Tuesday, February 22, 2011

African Food and Making Chutney

We were having African food for supper and decided to get a little crazy and make African flat bread, chapati. It’s super easy, and because there’s no yeast, you just make the dough and fry it up in a bit of oil. Easy.

We do a whole wheat version, and the kids love it, especially with chutney. We had a jar of Harmony Farm’s rhubarb chutney, and let me tell you, the stuff is to die for. Simply amazing. The only problem is, we can only get it in the Summer, so by the time the jar was empty, we were out of luck.

Being the go-getters that we are, we decided to take matters in our own hands and make the stuff. Piece of cake, right? Well, sort of. The recipes that we had all involved canning protocol, and I was most definitely not up for that.
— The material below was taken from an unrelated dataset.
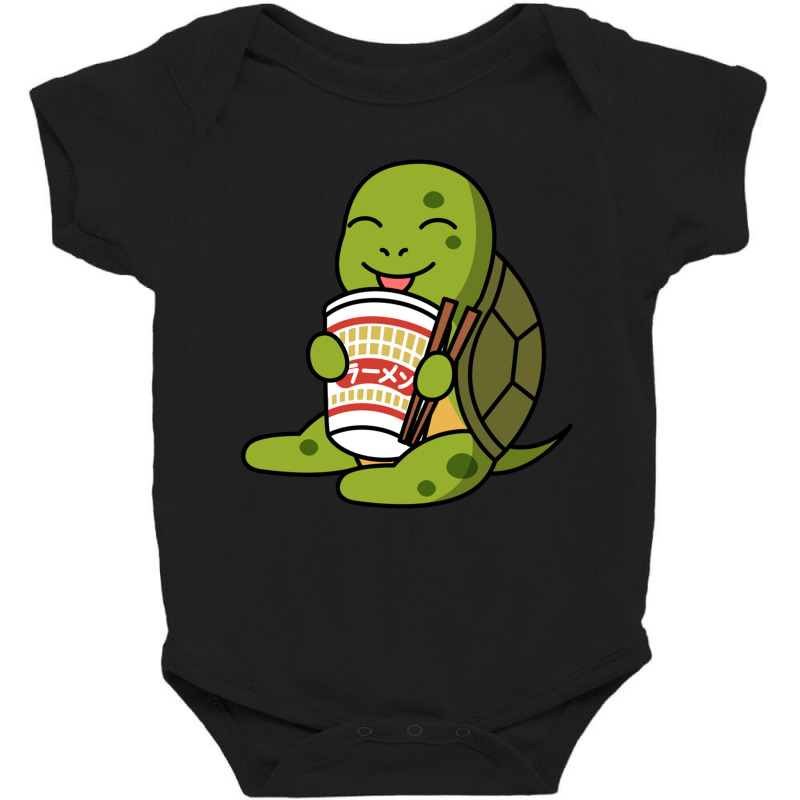 Turtle Eating Instant Ramen Noodles Pet Long Sleeve T Shirt Baby Bodysuit by cm-arts | Artistshot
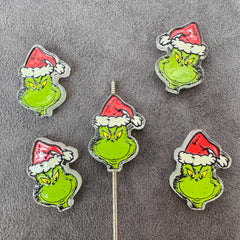 Green Monster Christmas Santa Hat Acrylic Focal Beads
However, as anyone any experience in the kitchen knows, all recipes were meant to tweaked and modified, and this was no different. Sure, it might not come out exactly as the author intended, but that’s what makes it personal and unique. When you add your own destructive tendencies to the mix.
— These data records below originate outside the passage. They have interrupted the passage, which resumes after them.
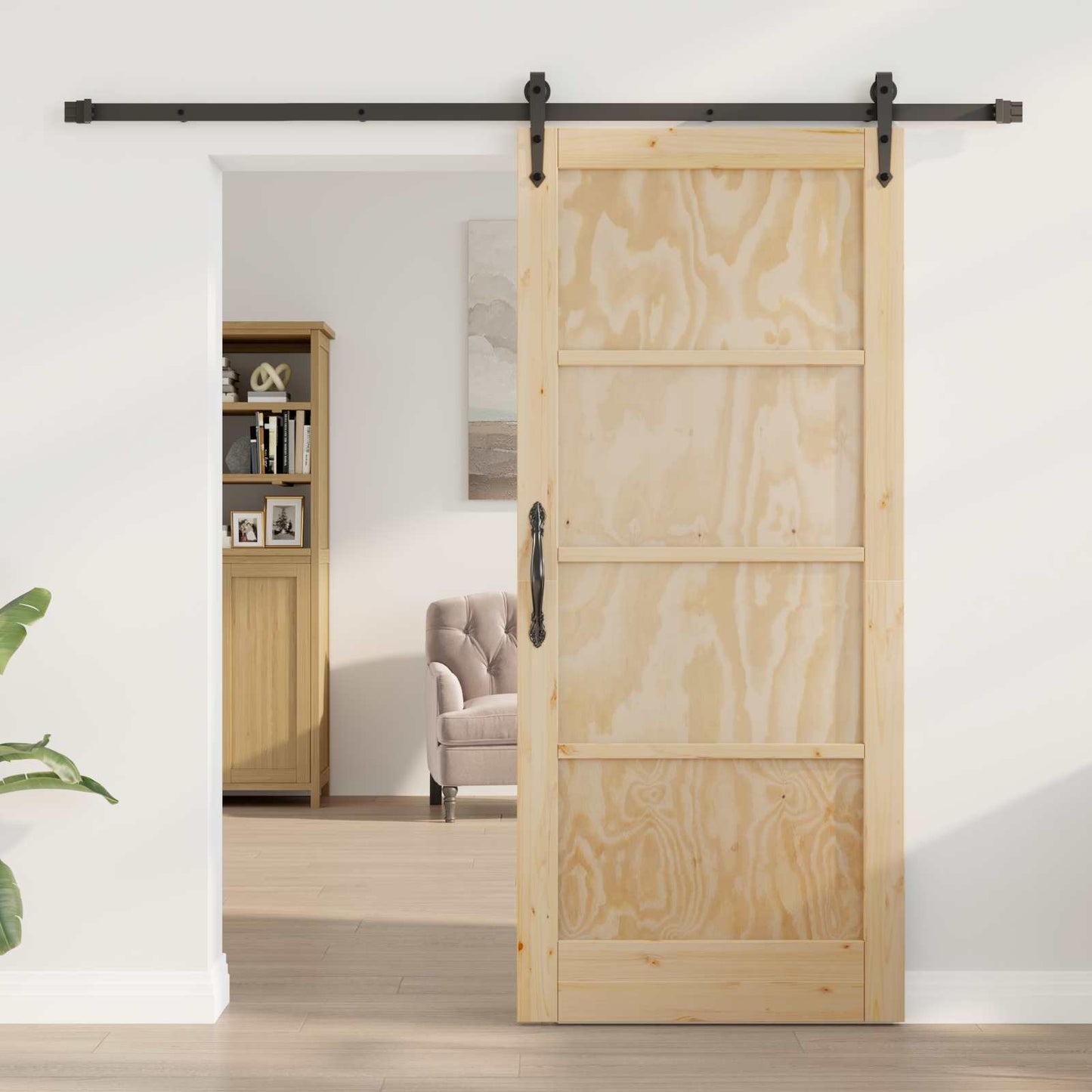 Skydedør ORKDAL 86 x 198,5 cm Massivt fyrretræ Naturfarvet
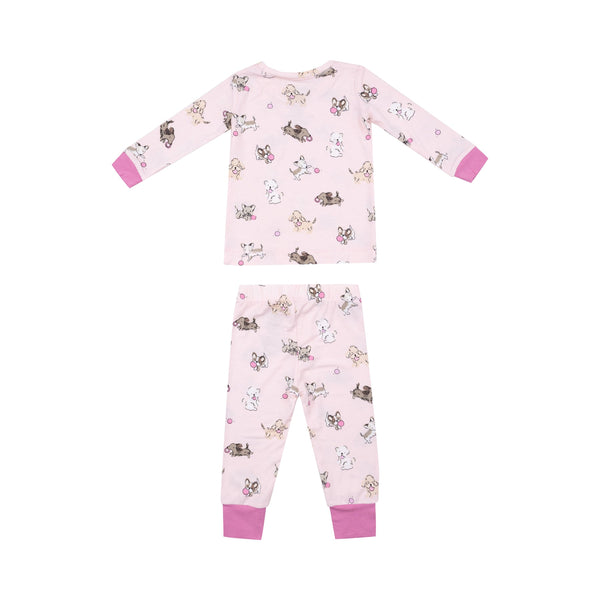 Long Sleeve Bamboo Loungewear Set - Fluffy Puppies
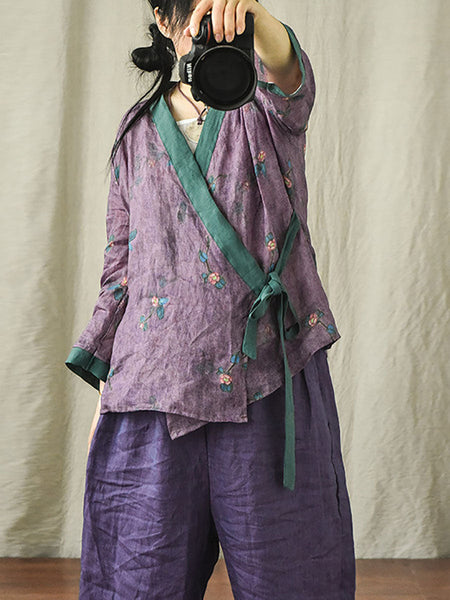 Women Ethnic Floral V-Neck Colorblock Strap Ramie Blouse AI1018 QYMM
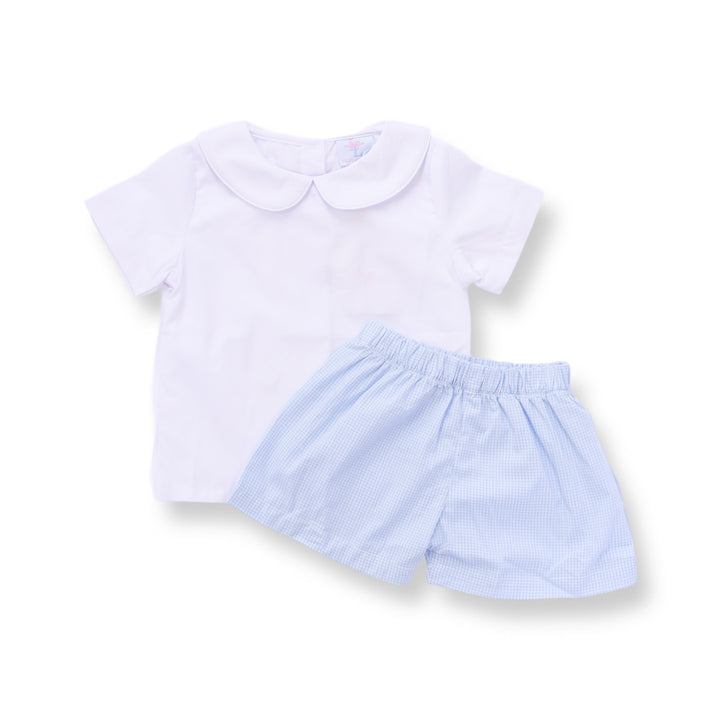 Blue Gingham Boy Short Set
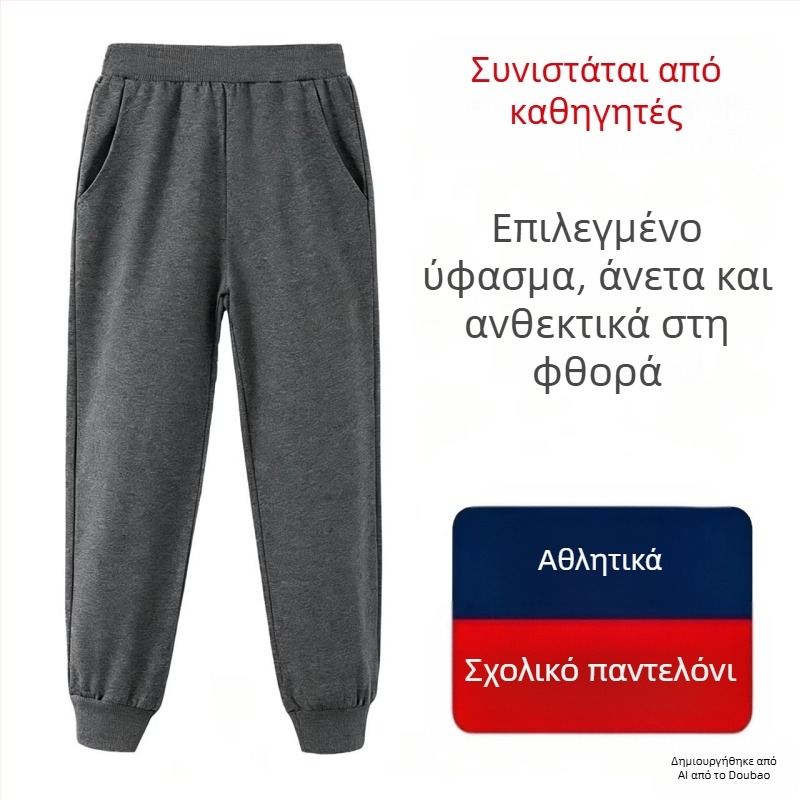 Παιδικοί παντελόνες σχολικής στολής από βαμβάκι, ελαφριές για άνοιξη και φθινόπωρο, μακριά, unisex, με ελαστική μέση και μανσέτες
The recipe we had was for apply chutney, and the only problem was we didn’t have any apples, which is unusual for our household. I did, however, have some frozen peaches that I’d saved in the freezer, so we used those, instead. I probably should have cut back on the sugar a bit since the peaches are frozen with sugar, but no biggie. We cooked up the mix, put it in clean jars and just kept them in the fridge. I figure as long as we eat them within a month, they should be fine, employing the sniff test before eating, of course.

The chutney came out great, everyone loved it with the whole wheat chapati, and we also had curried cauliflower stew with couscous. I love it when we can pull of the genuine vegetarian meal (high on the K&A scale) it’s a challenge making something the kids will devour.